El aterrizaje, sin embargo, no se mide solo en paisajes y clima, sino en lo que se aprende a hacer y en lo que se vuelve a hacer. En su nuevo hogar, la despensa ya cuenta parte de la historia: «Tenemos nuestras patatas, nuestra conserva de tomate, paté de hígado de cerdo celta de la matanza del vecino» y el orgullo de haber ayudado en esta tradición. Hay huerto, gallinas, ovejas y colmenas, una explotación agropecuaria en ciernes. Rutinas que no caben en un fin de semana de turismo rural: te atan a la tierra y te obligan a mirar el cielo con otros ojos, a calcular con la meteorología y a asumir que todo lleva su tiempo.

Vivir en comunidad

También hay comunidad. Álvaro reconoce que en esa parte Yarima, actriz de profesión y con muchas «habilidades sociales», lleva ventaja. En su primer año se implicó en actividades de la parroquia, ayudó a mover la vida social y organizó un belén viviente. Tan bien se ha integrado que ha sido elegida presidenta de la asociación de mujeres. Él, por su parte, colaboró como músico en iniciativas locales. «Yo creo que son la base del funcionamiento social», dicen sobre las relaciones personales y el «engranaje social».

Ese engranaje se alimenta de gestos: ir a una comida cuando te invitan, dar conversación a «vecinos y vecinas», aprender a hacer las cosas «como se hicieron siempre» y aportar lo que uno trae de fuera sin imponerse. En su relato aparece una integración hecha de pequeñas responsabilidades, de estar, de ayudar y de dejarse ayudar.

Pero no todo es idilio. Entre sus reclamaciones plantean que Madriñán cuente con una red de alcantarillado como la vecina Anzo. «Si se quiere que haya nuevos vecinos, hay que dotar a las aldeas de infraestructuras básicas», dice.

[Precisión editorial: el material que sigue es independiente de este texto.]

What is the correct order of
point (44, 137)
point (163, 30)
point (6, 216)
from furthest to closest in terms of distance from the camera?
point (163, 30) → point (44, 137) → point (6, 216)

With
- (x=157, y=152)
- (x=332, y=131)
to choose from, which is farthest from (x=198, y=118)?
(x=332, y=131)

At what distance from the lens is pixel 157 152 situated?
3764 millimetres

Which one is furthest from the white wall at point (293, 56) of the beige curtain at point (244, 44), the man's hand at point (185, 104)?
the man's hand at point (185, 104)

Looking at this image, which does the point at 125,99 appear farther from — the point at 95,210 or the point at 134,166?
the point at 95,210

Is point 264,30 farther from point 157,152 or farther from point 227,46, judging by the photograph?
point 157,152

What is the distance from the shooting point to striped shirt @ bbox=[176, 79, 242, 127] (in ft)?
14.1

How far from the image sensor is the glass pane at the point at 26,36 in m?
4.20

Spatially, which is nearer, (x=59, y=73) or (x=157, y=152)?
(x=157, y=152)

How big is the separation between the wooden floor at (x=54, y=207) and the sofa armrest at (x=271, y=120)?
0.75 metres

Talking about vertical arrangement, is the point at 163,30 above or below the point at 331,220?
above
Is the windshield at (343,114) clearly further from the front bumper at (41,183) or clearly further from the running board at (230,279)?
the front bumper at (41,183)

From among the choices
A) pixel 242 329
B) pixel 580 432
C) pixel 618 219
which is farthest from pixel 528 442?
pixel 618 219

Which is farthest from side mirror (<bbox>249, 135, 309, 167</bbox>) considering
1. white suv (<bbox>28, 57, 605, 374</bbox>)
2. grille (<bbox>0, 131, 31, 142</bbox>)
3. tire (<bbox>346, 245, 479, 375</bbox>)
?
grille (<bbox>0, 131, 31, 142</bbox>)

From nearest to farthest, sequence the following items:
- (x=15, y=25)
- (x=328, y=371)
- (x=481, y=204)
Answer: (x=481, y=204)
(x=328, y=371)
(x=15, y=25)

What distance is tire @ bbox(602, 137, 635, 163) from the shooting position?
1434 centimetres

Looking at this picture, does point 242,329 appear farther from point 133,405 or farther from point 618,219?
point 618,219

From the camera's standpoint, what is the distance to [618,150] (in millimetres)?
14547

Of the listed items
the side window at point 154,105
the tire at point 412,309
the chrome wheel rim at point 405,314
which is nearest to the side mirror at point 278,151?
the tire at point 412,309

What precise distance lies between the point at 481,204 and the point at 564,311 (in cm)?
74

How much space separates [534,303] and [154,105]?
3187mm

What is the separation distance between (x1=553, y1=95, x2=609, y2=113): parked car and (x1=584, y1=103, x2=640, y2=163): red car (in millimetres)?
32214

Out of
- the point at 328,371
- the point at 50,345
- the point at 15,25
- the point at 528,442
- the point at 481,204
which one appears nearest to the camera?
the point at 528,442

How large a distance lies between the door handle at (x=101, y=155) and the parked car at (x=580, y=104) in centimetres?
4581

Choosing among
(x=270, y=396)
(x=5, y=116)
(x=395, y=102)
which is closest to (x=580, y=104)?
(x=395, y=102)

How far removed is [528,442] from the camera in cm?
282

Aun así, el relato se llena de razones pequeñas: el agua, el silencio, la comida que se conserva, los animales, la charla con el vecino, la sensación de tiempo recuperado. Aquello de «estáis locos por venir aquí», que les decían al principio, se va deshaciendo a medida que pasan los meses y la vida se vuelve rutina. En Portos, el cambio no se entiende como una renuncia, sino como una forma de elegir.